SNPs from the 2014 PGC schizophrenia GWAS were analysed for enrichment in each retinoid-related gene from the panel using Multi-Marker Analysis of Genomic Annotation (MAGMA) [30]. Briefly, P-values for SNPs mapped to retinoid genes are aggregated and their combined significance tested to derive a gene level measure of significance. Linkage disequilibrium between markers was accounted for in this framework with the 1000 Genomes Phase 3 European reference panel. Genes that demonstrated nominally significant association (PUncorrected < 0.05), were selected to test association of common and rare variant enrichment in the ASRB cohorts as they display evidence of a potential polygenic effect (Fig. 1). Tissue-specific expression of genes below the polygenic threshold relative to the rest of the retinoid panel was investigated using the GENE2FUNC component of FUMA [31]. A two-sided Fisher’s exact test tested the overrepresentation of these genes as loss-of-function intolerant (pLI > 0.9) [32]. The same approach was used to investigate enrichment of de novo variation in neuropsychiatric disorders (Possible, P< 0.05) as characterised in the neuropsychiatric de novo mutation database (NPdenovo, Supplementary Table 10) [33]. NPdenovo curated established de novo variants from sequencing studies across four neuropsychiatric phenotypes (schizophrenia, autism spectrum disorders, intellectual disability and epileptic encephalopathy), and calculated gene-wise association of de novo variation with each of the disorders (http://www.wzgenomics.cn/NPdenovo/).

Fig. 1
figure 1

Overview of investigation of the impact of common and rare variation in retinoid genes. Using gene ontology and the wider literature, a panel of 107 genes involved with retinoid biology were collated and tested for the aggregated effect of GWAS SNPs using MAGMA. An uncorrected threshold of P < 0.05 was used to delineate genes with evidence of a polygenic effect. Polygenic risk score (PRS) was then calculated in individuals for this retinoid panel. Retinoid PRS was associated with schizophrenia but did not disproportionately affect the cognitive deficit (CD) subtype. Rare variant association (MAF < 0.01%) from whole-genome sequencing was tested at gene level for each of the 22 genes using the SKAT-O framework. The retinoic acid receptor gene RARB was significantly associated with the CD population, but there were no significant gene level signals for the full case cohort (cognitively mixed) relative to controls

Polygenic risk score in retinoid genes implicated by GWAS

Genome-wide polygenic risk score (PRS) was calculated for each subject in the array cohort using the PGC2 schizophrenia GWAS summary statistics with PRSice-2 default parameters [34]. The flag --fastscore calculated PRS at eight P-value thresholds (PT) – PT = 1 × 10−5, 1 × 10−3, 0.05, 0.1, 0.2, 0.3, 0.5. Enrichment of PRS in schizophrenia was tested relative to controls, as well as between the two schizophrenia cognitive subtypes (CD/CS), using binomial logistic regression adjusted for sex and the first three principal components. Nagelkerke’s R2 was utilised to select the PT, which fit best in each model. Variants mapped to the 22 retinoid genes with evidence of gene level association (MAGMA P < 0.05) were extracted to construct a retinoid PRS (PRSRet). The association of PRSRet in schizophrenia relative to controls and, in CD cases relative to CS, was tested using the same logistic regression model but additionally covaried for genome-wide PRS, which was depleted of variants mapped to the 22 retinoid genes. We assessed enrichment of PRSRet using a χ2 test of residual deviance between two logistic regression models constructed with the glm function in R version 3.3.3. The models are outlined below where y is affection status, i.e., either case vs control or CD vs CS.
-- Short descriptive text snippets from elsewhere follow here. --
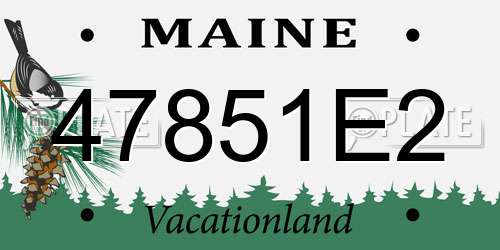 47851E2 Maine License Plate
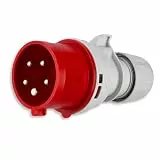 REV CEE-Stecker, 400V, 16A, 5-polig, 3Ph + N + PE, IP44, rot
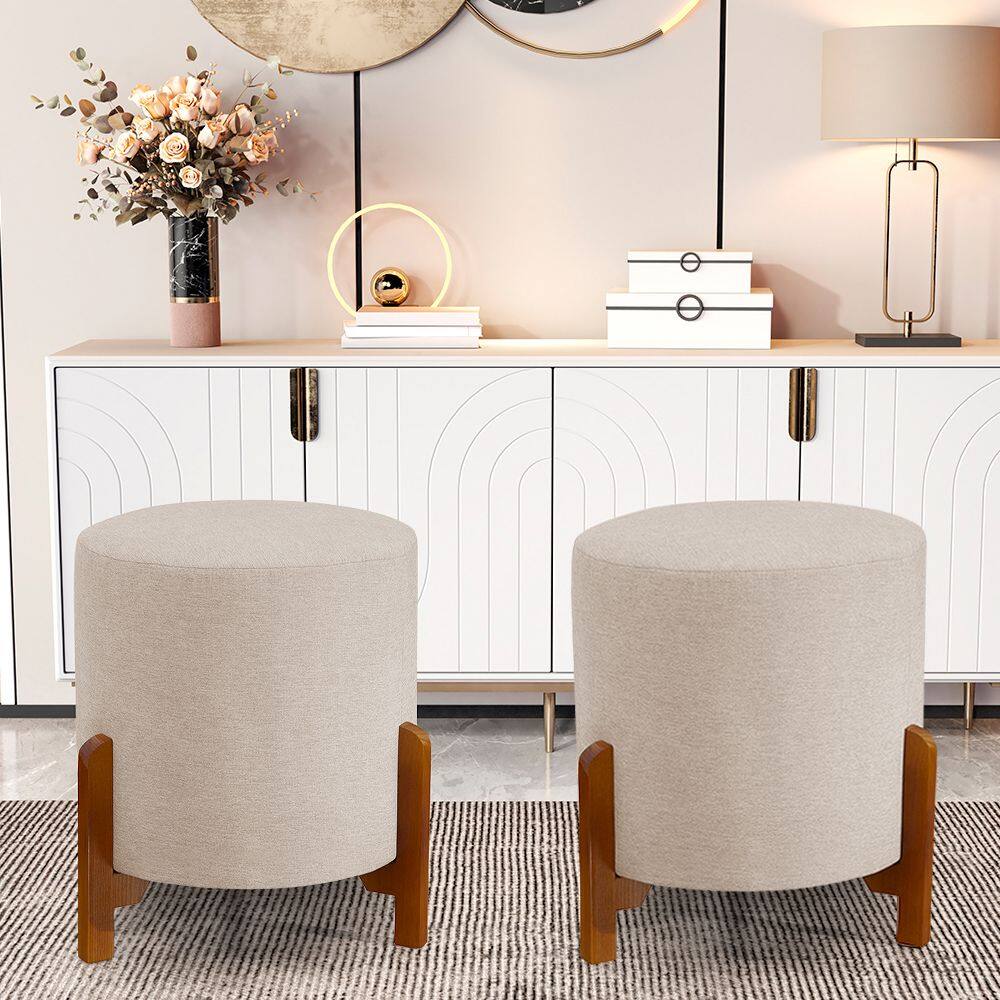 Kit 2 Puff Thor 3 Pés em Veludo Bege Base em Madeira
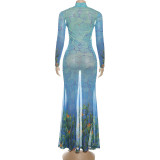 Print Hollow Out Sexy Fishtail Dress DLSF-K25D76944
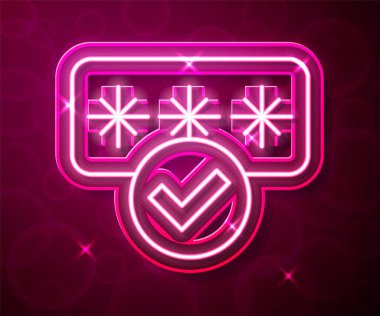 Glowing neon line Password protection and safety access icon isolated on red background. Security, safety, protection, privacy concept. Vector.
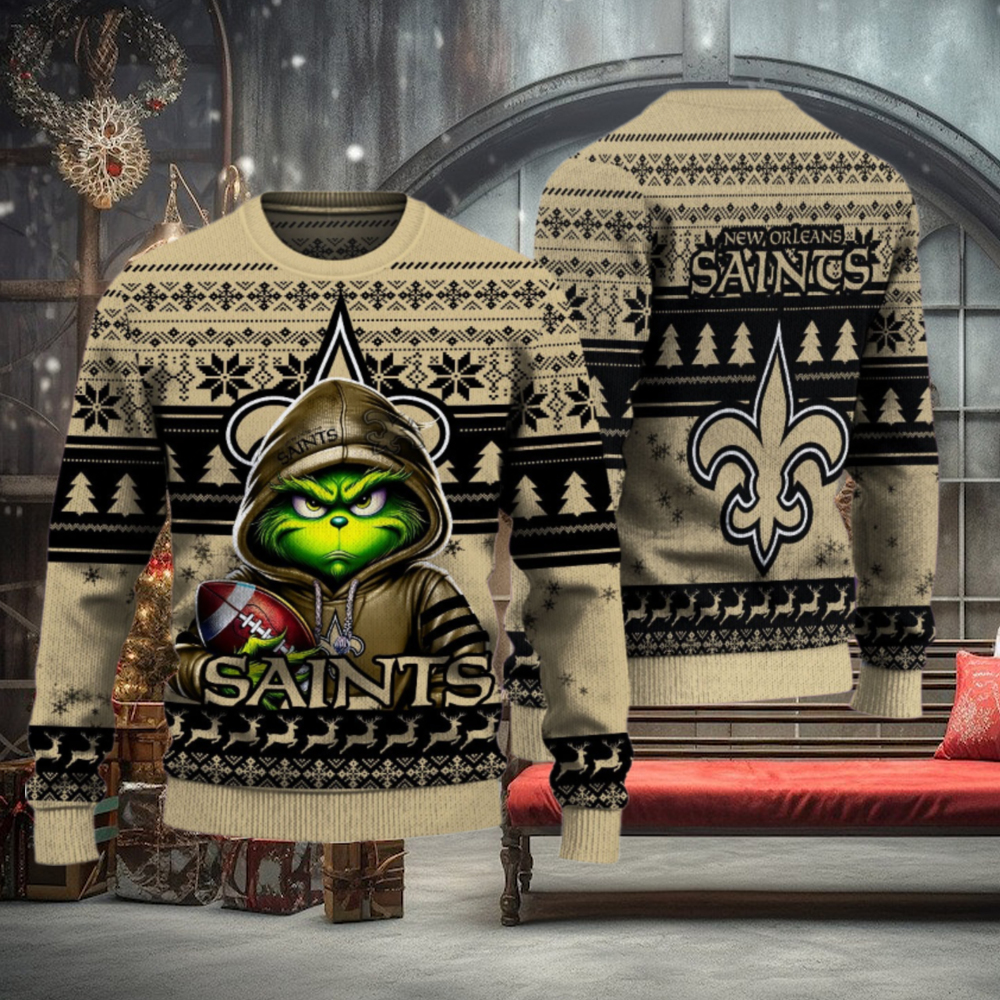 New Orleans Saints Christmas Grinch Knitted Sweater New Orleans Saints Christmas Grinch Knitted Sweater
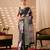 Charcoal black designer digital floral soft lichi silk saree with zari woven border | printed saree with matching blouse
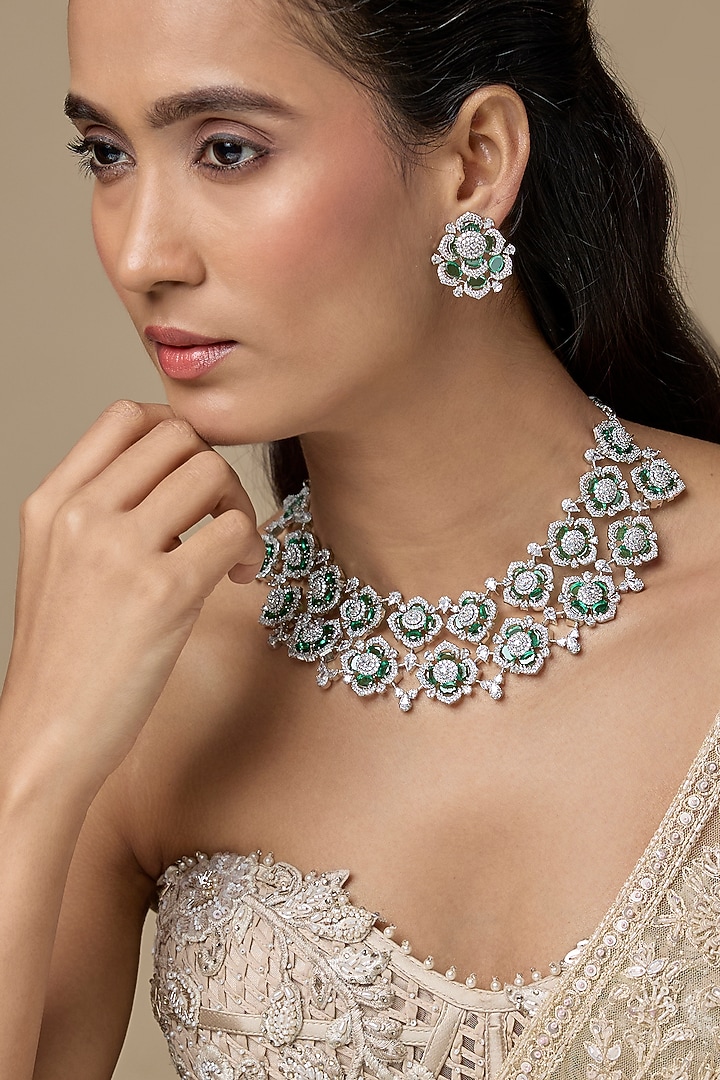 Silver Finish Emerald Stone & Zircon Choker Necklace Set by Moh-Maya by Disha Khatri at Pernia's Pop Up Shop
$$y\sim \mathrm{Sex} + \mathrm{PCs} + \mathrm{Total}\,\mathrm{PRS}$$
(1)
$$y\sim \mathrm{Sex} + \mathrm{PCs} + \mathrm{Total}\,\mathrm{PRS} + \mathrm{PRS}_{\mathrm{Ret}}$$
(2)

The variance explained by both total PRS (depleted for PRSRet) and PRSRet was reported on the liability scale assuming a 1% population prevalence of schizophrenia [35]. In the case of PRSRet, R2 was computed in model 2 using model  1 as the null.

Rare variant association

Association between rare variants in the 22 retinoid PRS risk genes with schizophrenia, and also the CD subtype separately, was determined using the SKAT-O (Optimal SNP-Set (Sequence) Kernel Association Test) methodology. The SKAT-O model was constructed in the SKAT R package with sex as a covariate and small sample size adjustment as described previously [36]. Bonferroni correction was applied for the number of independent tests (22 genes tested in two phenotypes) using the p.adjust function in R. Temporal expression data during development for RARB was sourced from BrainSpan, a database with expression of genes at discrete timepoints throughout the development and lifespan of the human brain, and visualised to anatomical regions with the CerebroViz package [37, 38].

MRI

MRI images were collected by the ASRB from five Australian research sites and images processed using standard protocols (see Supplementary Note 4). The distribution of usable scans (N = 210) for schizophrenia patients from the WGS cohort were statistically uniform across scanning site locations when comparing CD and CS (χ2 = 3.959, df = 4, P = 0.412). Total intracranial volume (TIV), white matter volume (WMV), grey matter volume (GMV) and cerebrospinal fluid (CSF) volume was extracted using the Computational Anatomy Toolbox (CAT12, v1073; Structural Brain Mapping Group, Jena University Hospital, Jena, Germany; http://dbm.neuro.uni-jena.de/cat/index.html) for SPM12 (v6906; Wellcome Trust Centre for Neuroimaging, London, UK; http://www.fil.ion.ucl.ac.uk/spm) in MATLAB r2013a (Mathworks Inc., Sherborn, MA, USA).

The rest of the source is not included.